Из приведенного выше общего описания характера местности в районе “Ганиной ямы” на первый взгляд казалось наиболее естественным, натуральным, простым и, главное, соответственным нелюбви к какой-нибудь работе товарищей Ермакова похоронить тела, бросив их в одну из старых шахт и завалив ее, или даже просто положить тела под один из откосов многочисленных в этом районе глубоких котлованов и, обвалив затем немного края земли сверху, засыпать тела. Однако при таких простых способах можно было, конечно, менее всего рассчитывать, что удастся скрыть место погребения и, следовательно, уберечь тела от возможности их нахождения рано или поздно заинтересованными в этом людьми. Кроме того, результаты подробного исследования этой местности не подтвердили казавшейся на первый взгляд простоты применения такого способа сокрытия тел.
В избранном Исааком Голощекиным и огороженном наружным кольцом охраны районе уже 12 лет не производилось никаких работ; из 33 следов бывших здесь шахт только в пяти случаях шахты еще сохранили свой вид правильных, более или менее открытых колодцев со срубами, а 28 имели общий вид обвалившихся воронок разной глубины, на дне коих иногда виднелись щели от продолжавшихся глубже былых колодцев.
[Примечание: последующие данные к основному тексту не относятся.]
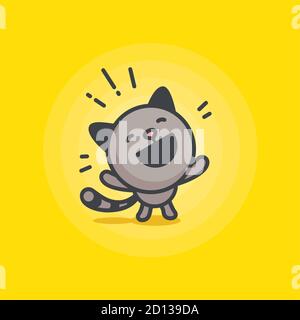 Niedliches Katzenlogo auf gelbem Hintergrund Stock Vektor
Из пяти указанных сохранившихся шахт только одна, именно открытая шахта с левой стороны глиняной площадки, получившая при расследовании название “шахта № 7”, носила вокруг себя и на бревнах своих срубов следы недавно бывших около нее людей: натоптанная вокруг трава, небольшое количество набросанной на траву свежей глины, обтертые местами от плесени верхние бревна срубов, свежие еловые ветки вокруг и т. п. К остальным четырем, очень удаленным от глиняной площадки и вообще от Коптяковской дороги, ясно было видно, что уже давно никто не подходил, и такое действие, как сброска в шахту хотя бы одного трупа, безусловно, оставило бы вокруг хотя небольшие, но все же заметные следы, как это было в так называемых “Старых шахтах”, верстах в 8 от района “Ганиной ямы”, где были найдены пять трупов каких-то военнопленных и куда вела из города совершенно другая дорога.
Из остальных 28 следов шахт 27 также не имели никаких признаков недавнего приближения к ним человека: земля на осыпях воронок была старая, слежавшаяся; дно густо заросшее высокой травой, репейниками, чертополохами; кое-где выглядывавшие на дне концы бревен были покрыты густой, многолетней, зеленой плесенью, а видневшиеся старые щели представлялись слишком узкими и малыми, чтобы можно было пропихнуть в них человеческое тело. Только один след былой шахты, опять же у глиняной площадки, упомянутая при общем описании района глубокая воронка от шурфа с правой стороны площадки носила, как и открытая шахта № 7, следы недавнего пребывания около нее людей. Кроме того, откос воронки, примыкавший к площадке, имел вид осыпи как будто более свежей земли, чем в других таких же воронках, что могло произойти или от свежего обвала края воронки, или от выброски туда части земли с глиняной площадки. Эта воронка при работах по исследованию получила название “шахта № З”.